THE National Security Agency (NSA) is sounding the alarm on the cybersecurity risks posed by artificial intelligence (AI) systems, issuing new guidelines to help companies protect their AI from hackers.
As AI becomes increasingly integrated into business operations, experts warn that these systems are particularly vulnerable to cyberattacks. The NSA Cybersecurity fact sheet provides insight into the unique security challenges of AI and suggests steps businesses can take to strengthen their defenses.

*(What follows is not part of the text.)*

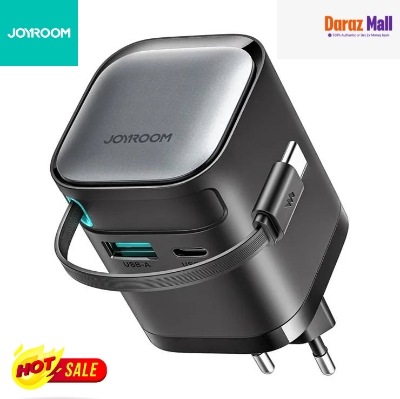 Picture of JOYROOM TCL02 65W Gan Charger with Retractable USB-C Cable, USB+Type-C Port Wall Charger, EU Plug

“AI offers unprecedented opportunities, but can also present opportunities for malicious activity. The NSA is uniquely positioned to provide cybersecurity advice, AI expertise and advanced threat analysis,” said the NSA Cybersecurity Director. Dave Luber declared Monday April 15 in a Press release.
Hardening against attacks
The report suggests that organizations using AI systems should implement strict security measures to protect sensitive data and prevent misuse. Key measures include conducting continuous assessments of compromises, hardening the IT deployment environment, enforcing strict access controls, using robust logging and monitoring, and limiting access to model weights.
“AI is vulnerable to hackers due to its complexity and the large amounts of data it can process. » Jon Clayvice president of threat intelligence at cybersecurity company Micro Trend, said PYMNTS. “AI is software, and as such there are likely vulnerabilities that can be exploited by adversaries. »
As reported by PYMNTS, AI is revolutionizing the way security teams approach cyber threats by accelerating and streamlining their processes. With its ability to analyze large data sets and identify complex patterns, AI automates the early stages of incident analysis, allowing security experts to start with a clear understanding of the situation and respond more quickly. quickly.
Cybercrime continues to grow with the increasing adoption of a connected global economy. According to a FBI reportthe United States alone saw losses from cyberattacks exceed $10.3 billion in 2022.
Why AI is vulnerable to attacks
AI systems are particularly prone to attacks because of their reliance on data for training models, according to Clay.
“Since AI and machine learning depend on providing and training data to build their models, compromising this data is an obvious way for bad actors to poison AI/ML systems,” Clay said.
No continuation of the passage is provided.